Task objective - The lines from the beginning of the records below through the one holding "IamEluruSreenu's tweet photo." are to be copied exactly; leave the pictures out.

------------------------------------------------

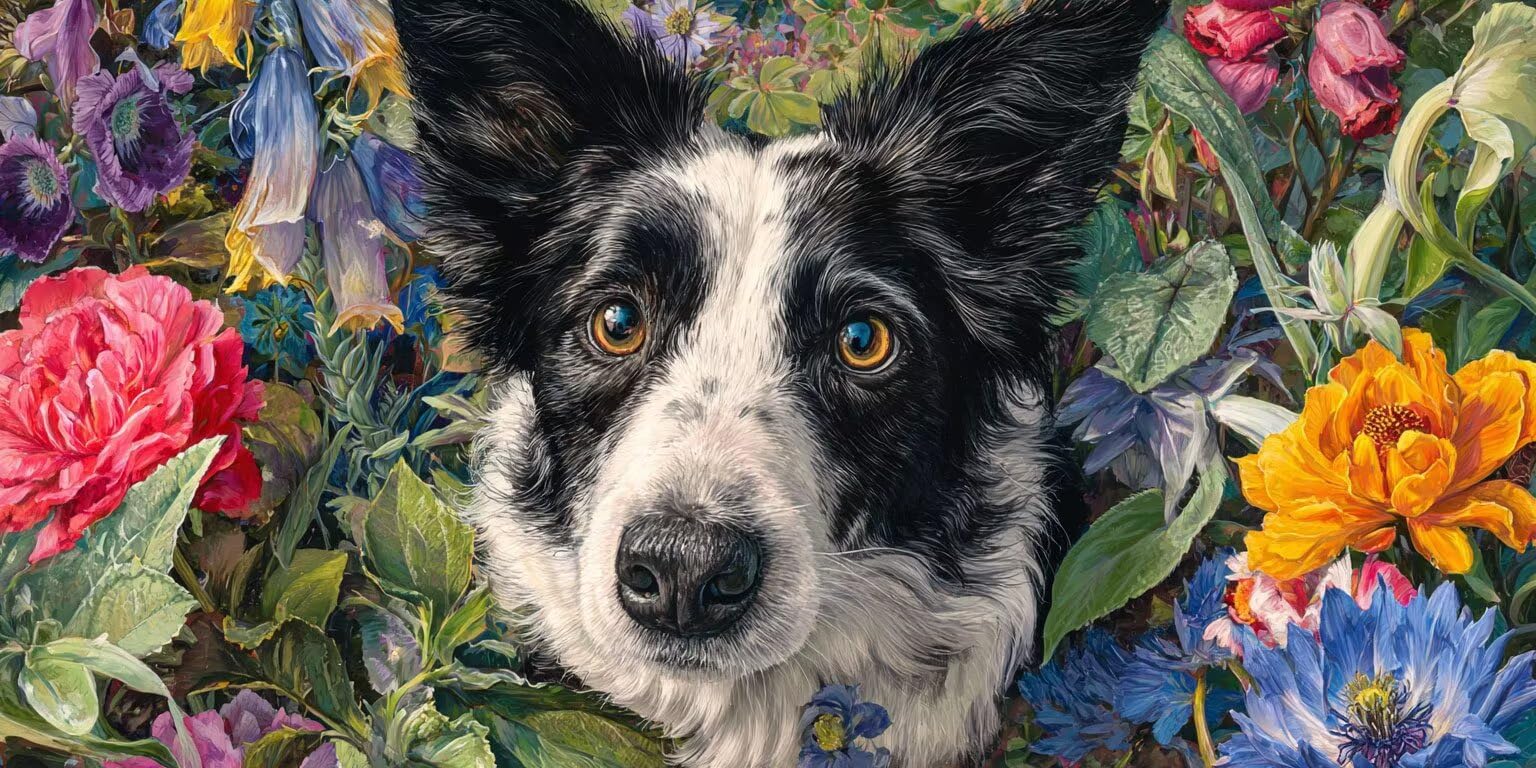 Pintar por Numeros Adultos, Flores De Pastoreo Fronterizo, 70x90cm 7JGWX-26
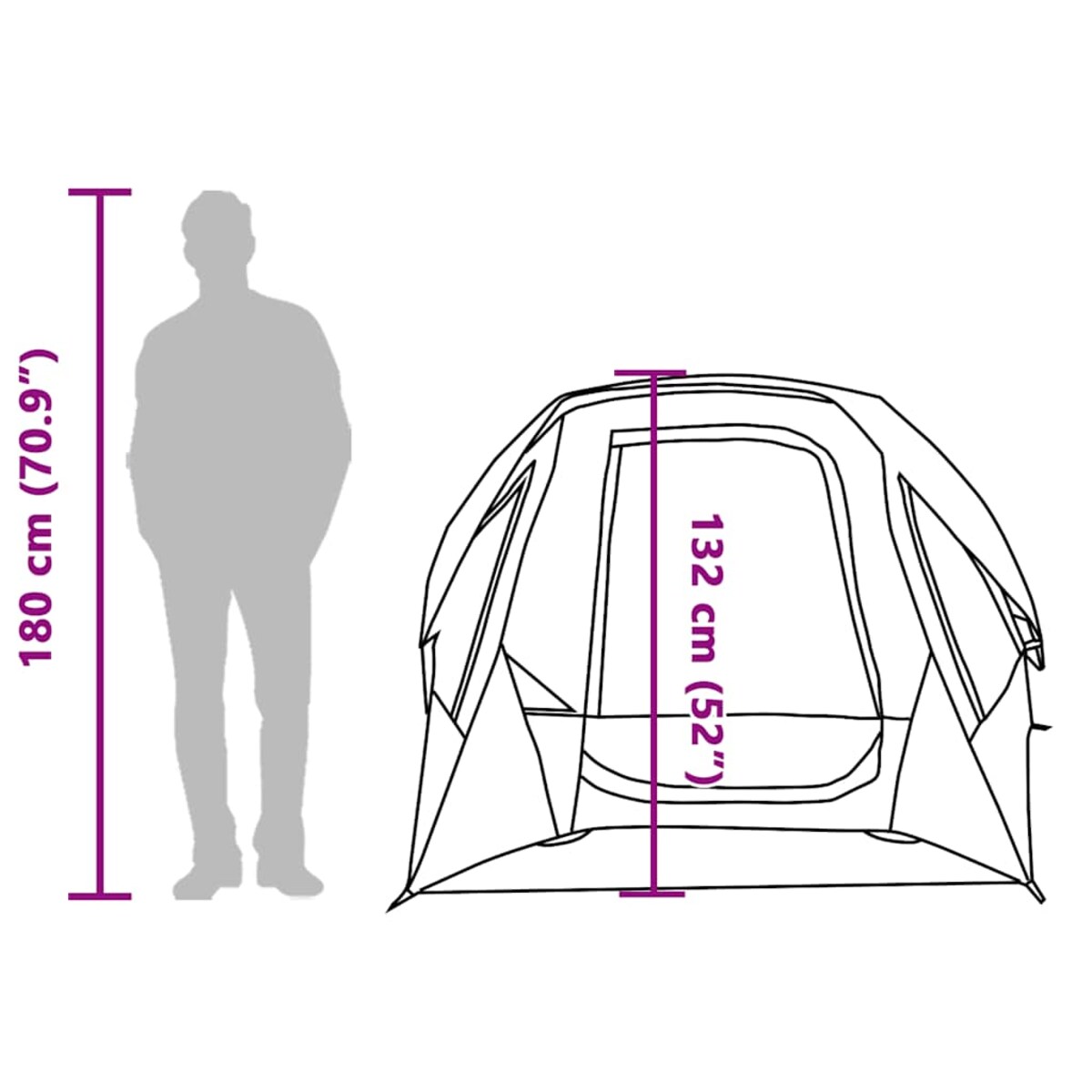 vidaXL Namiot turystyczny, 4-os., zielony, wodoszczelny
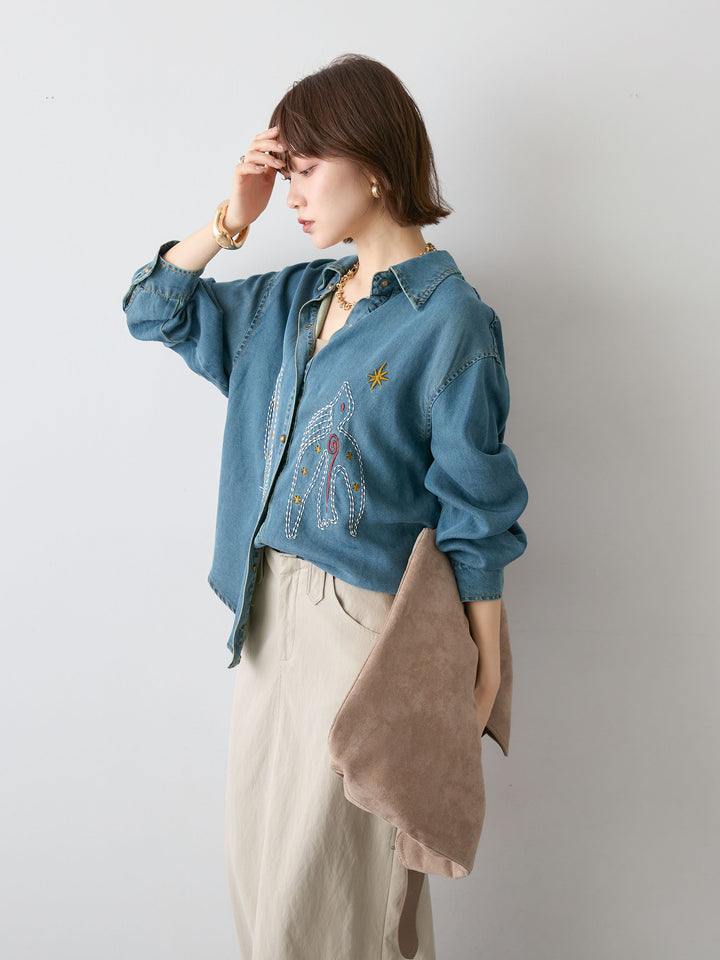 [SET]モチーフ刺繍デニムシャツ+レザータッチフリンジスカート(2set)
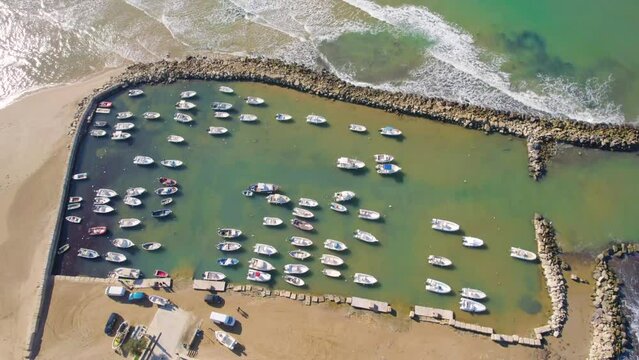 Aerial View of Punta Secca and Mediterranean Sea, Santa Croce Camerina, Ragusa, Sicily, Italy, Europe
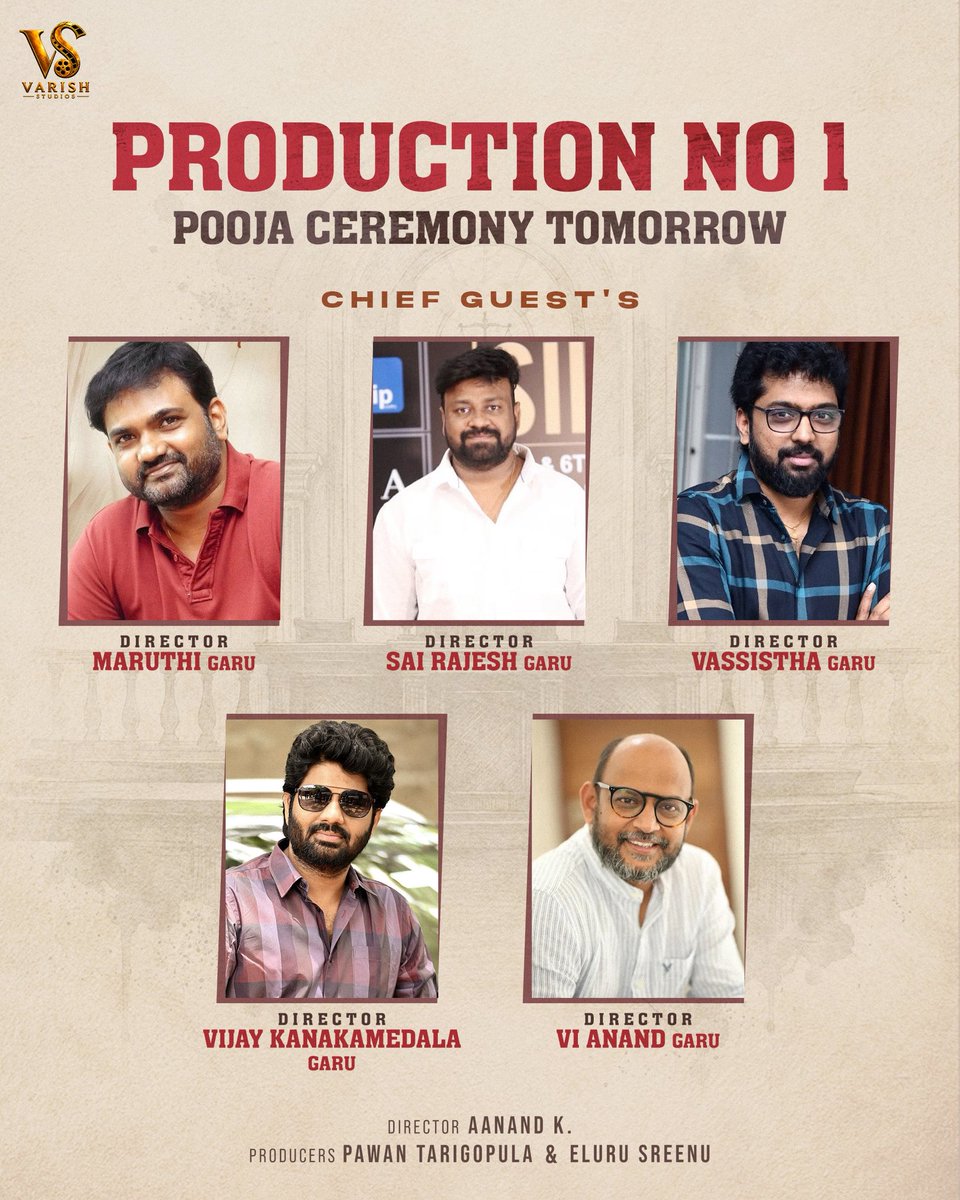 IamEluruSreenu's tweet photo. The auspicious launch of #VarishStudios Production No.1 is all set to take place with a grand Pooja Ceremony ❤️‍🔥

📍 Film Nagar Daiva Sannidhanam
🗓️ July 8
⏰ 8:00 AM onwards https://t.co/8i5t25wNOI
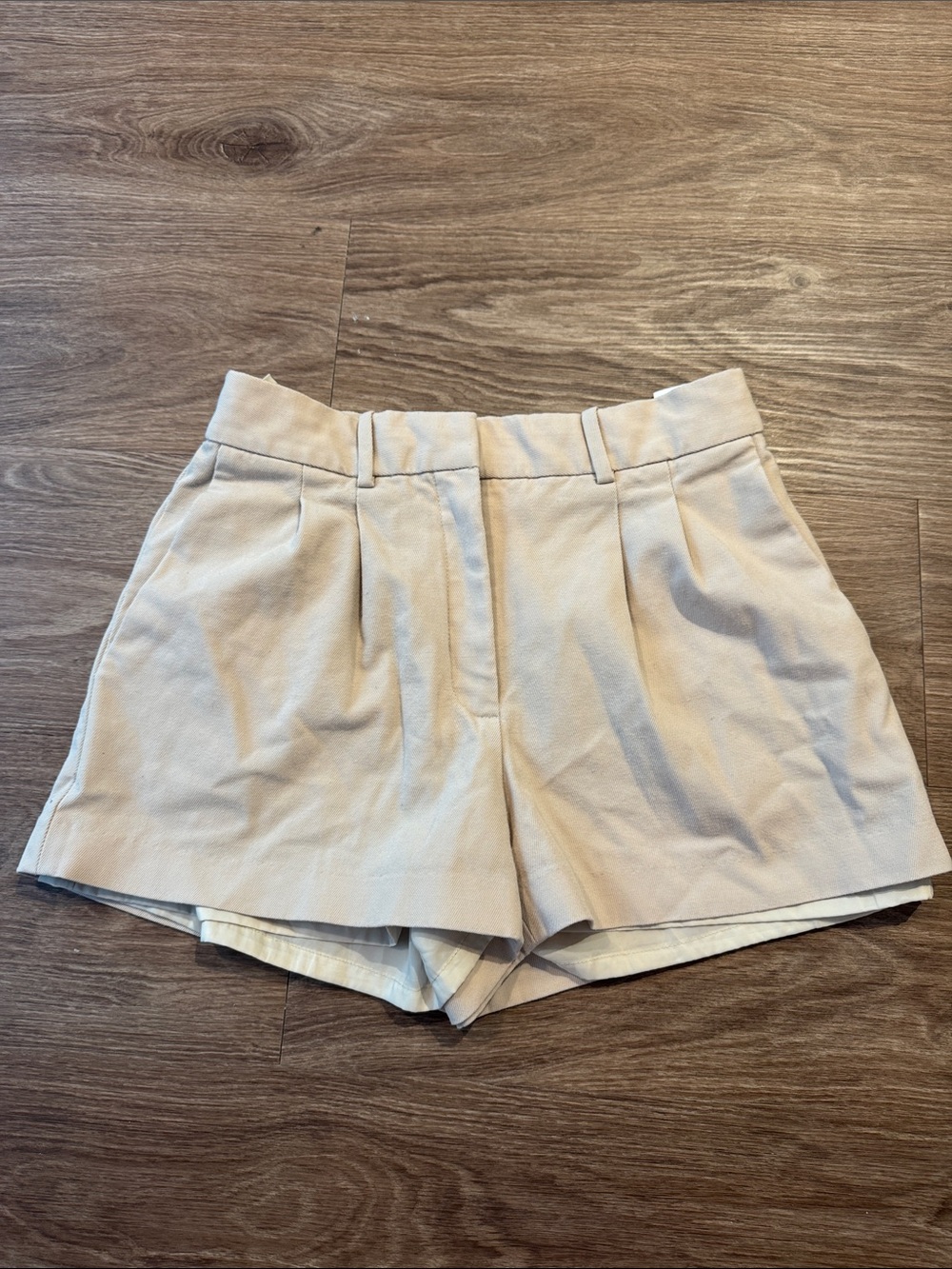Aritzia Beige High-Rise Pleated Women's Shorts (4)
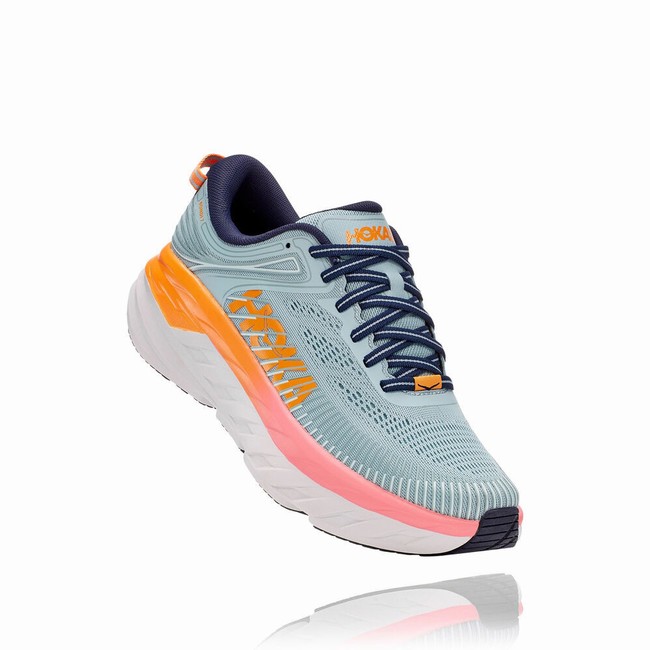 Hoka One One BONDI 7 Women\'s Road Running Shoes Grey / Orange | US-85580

------------------------------------------------

Written answer -
 Pintar por Numeros Adultos, Flores De Pastoreo Fronterizo, 70x90cm 7JGWX-26
 vidaXL Namiot turystyczny, 4-os., zielony, wodoszczelny
 [SET]モチーフ刺繍デニムシャツ+レザータッチフリンジスカート(2set)
 Aerial View of Punta Secca and Mediterranean Sea, Santa Croce Camerina, Ragusa, Sicily, Italy, Europe
 IamEluruSreenu's tweet photo. The auspicious launch of #VarishStudios Production No.1 is all set to take place with a grand Pooja Ceremony ❤️‍🔥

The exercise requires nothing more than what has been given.